Mon regard noir a démontré à mon résistant toute ma colère bien qu'en extérieur je paraissais imperturbable. Le jeune Angelopoulos... Ils allaient le tuer ? Lui, si jeune ? Lorsque l'attaque éclaire sur l'Océanie s'en est suivie, je ne suis pas parvenu à m'apaiser avant plusieurs jours et je tenais mes résistants en laisse courte afin de laisser retomber la pression. Mais je ne pouvais pas laisser passer ça, et ce n'était certainement pas l'ouverture de ce "salon de discrétion" qui allait révolutionner les choses. Certes, nos pensées font de ce monde ce que nous voulons qu'il soit mais pendant qu'ils buvaient leur champagne en racontant des bêtises moi je perdais des frères de bataille, des proches... Et aux dernières nouvelles ils allaient tenter de soumettre l'Afrique, notre dernier allié ?

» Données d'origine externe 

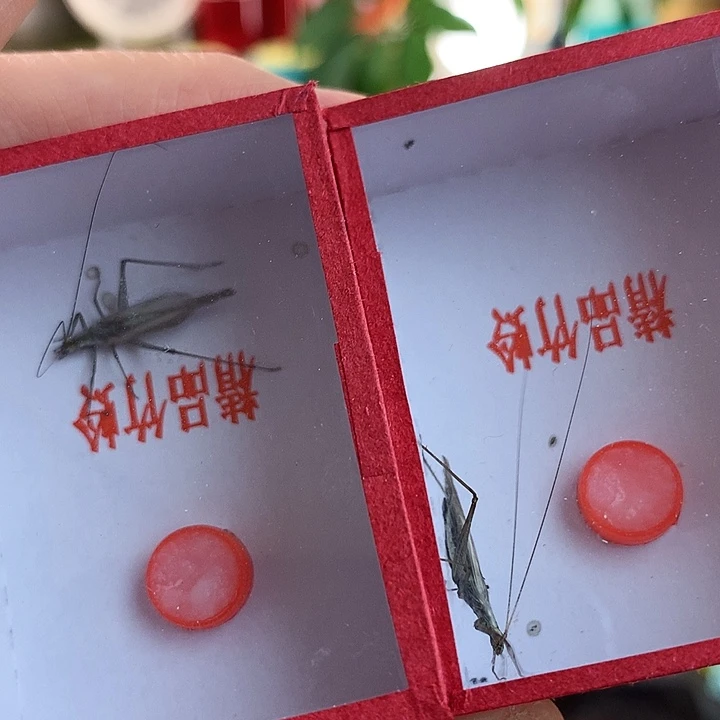 两只紫竹啊啊啊啊啊啊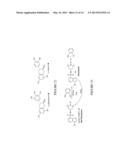 FLUORESCENCE DETECTION OF POISON OAK OIL diagram and image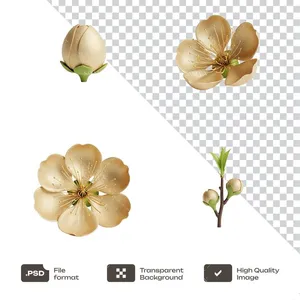 Hoa Mai Tết Vàng - Hình Minh Họa PNG Chất Lượng Cao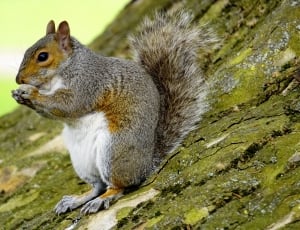 gray white and brown squirrel thumbnail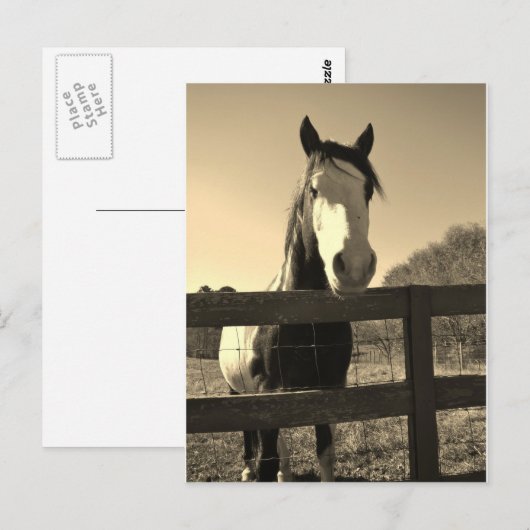 Sepia het Paard van de Toon Briefkaart (Voorkant / Achterkant)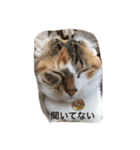 うちの猫たつ（個別スタンプ：7）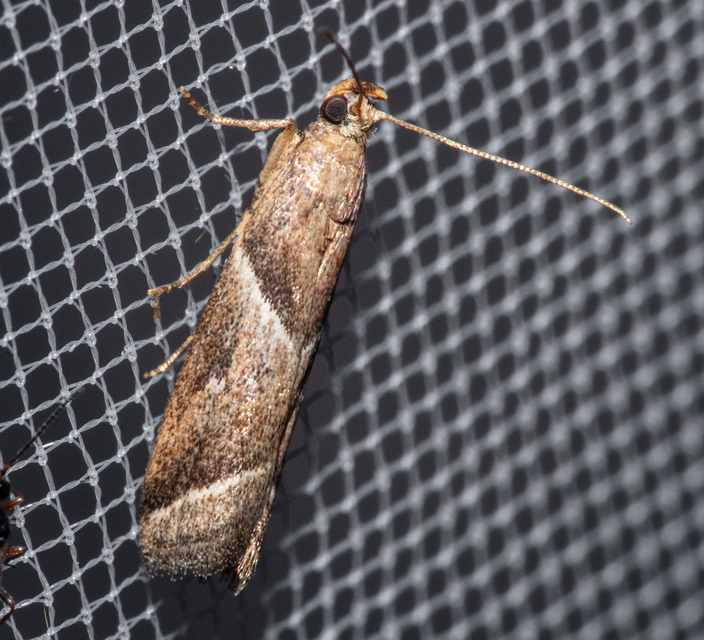 Nyctegretis lineana - agátszínű karcsúmoly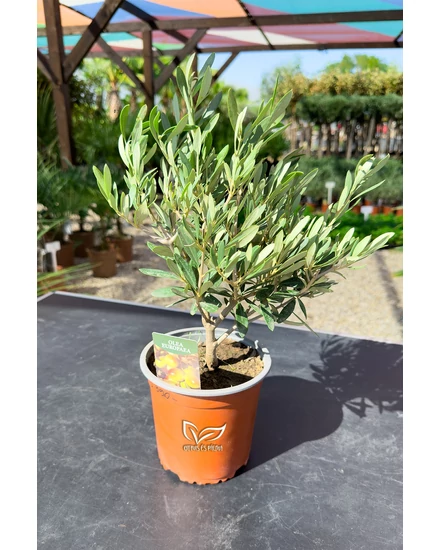Olajfa - Olea europaea 14 cm cserépben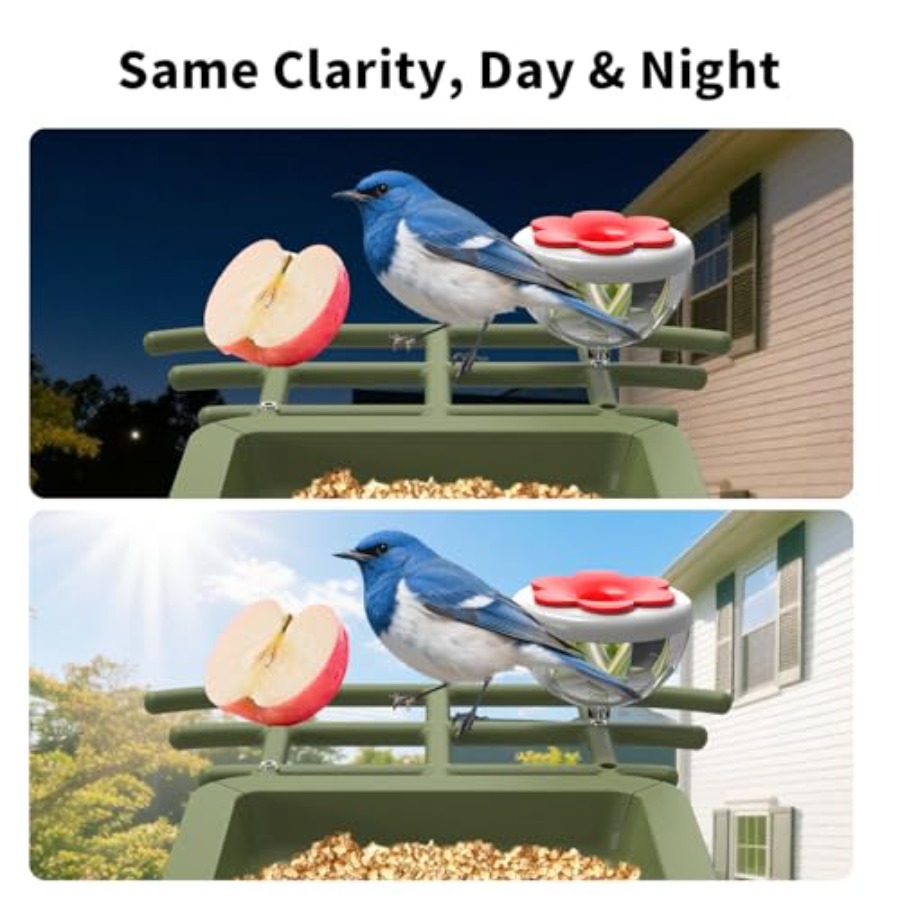 Outdoor garden birdwatching sm - Smart Garden Ai recensione e prezzo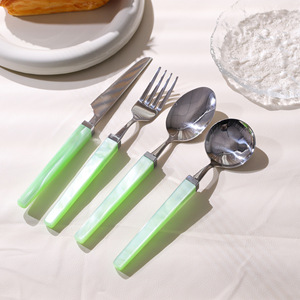 Jinhui <b>Acrylic</b> Cutlery Set Stainless Steel <b>Mirror</b> Polished Solid Color Simple Style Dinnerware Set - Product Image 4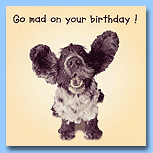 The Pet Set Cocker Spaniel - Birthday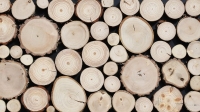 Dřevěné obklady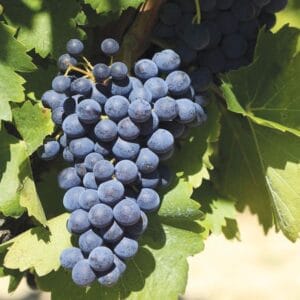 Vinova Loza Vranac- Neprskanac Vinova Loza Vranac- Neprskanac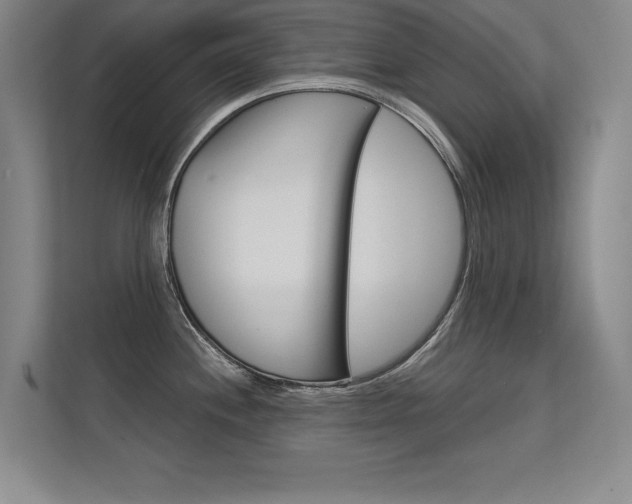 X0000112361244200908131228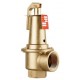 DUCO Ventil pojistný 2" x 2 1/2", 5bar, membránový 695065.50
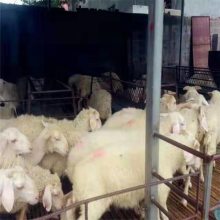 活羊市场价格价格是多少现货供应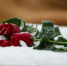 3158070.jpg - IrkutskMedia.Ru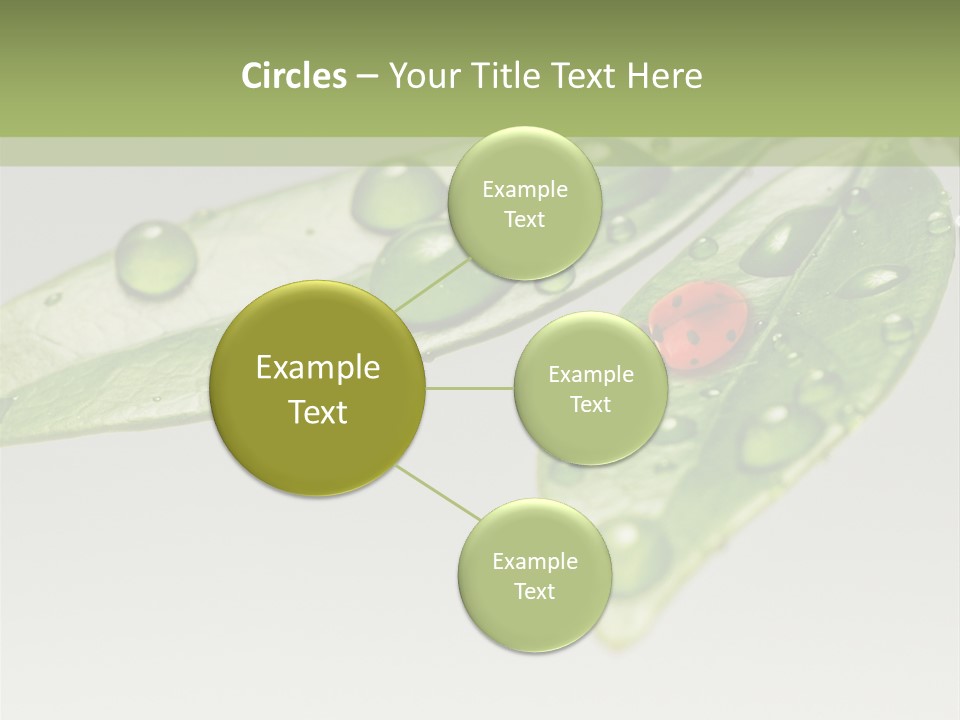 Drops Meadow Idyllic PowerPoint Template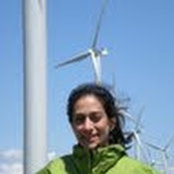 Negar Shayans foto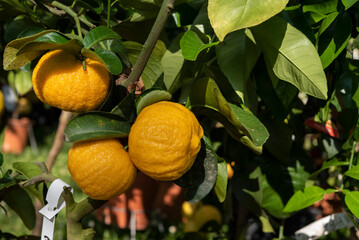 Pompia, Citrus medica var. tuberosa, also called China citron, is a Citrus hybrid cultivated for its edible fruit. It is a taxonomical synonym of Citrus medica..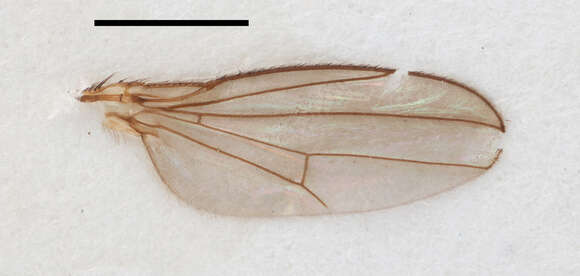 Image of <i>Notiphila geniculata</i> Stenhammar 1844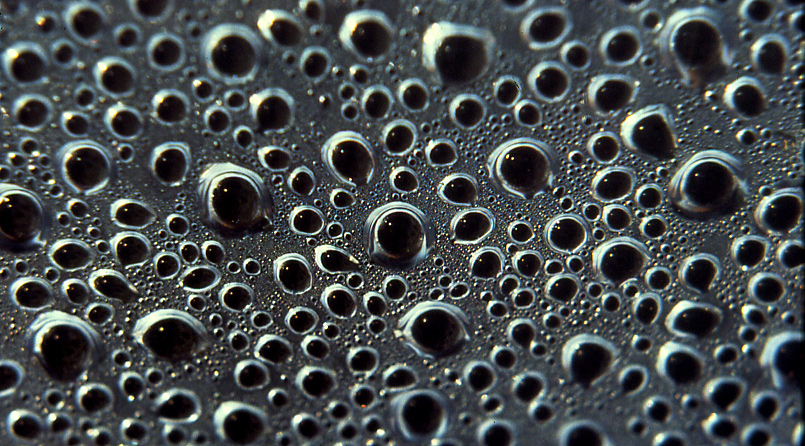 La fabbrica degli occhi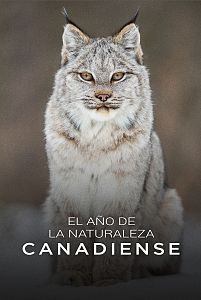 El año de la naturaleza canadiense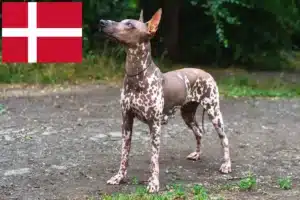 Lire la suite à propos de l’article Xolo éleveurs et chiots au Danemark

- Sethaniel ? Tu es par là ? J'ai sourit en le voyant venir à moi. Bien sûr qu'il était par là. A moins que je ne l'envoie expressément ailleurs, il était toujours par là.
- Il va être temps d'envisager les conséquences pour les milliers de femmes et d'enfants qui ont été tués en Australie. La vengeance ne menait à rien et je le savais, mais je me devais de venger ces victimes afin qu'elles puissent trouver le repos. C'était une question d'honneur. Et je parlais également de mes soldats, de mes employés, de mes résistants à moi. Ils mouraient pour moi, et je devais juste rester là et ne rien faire ? Aller sur leur tombe et leur dire simplement "merci pour tout, c'était chouette" ? Je ne pouvais pas, et je ne le peux toujours pas. Je me suis embourbé dans un cercle vicieux, j'en suis conscient, mais je sais aussi que je finirai par m'en sortir.
Lorsque tout aura brûlé autour de moi.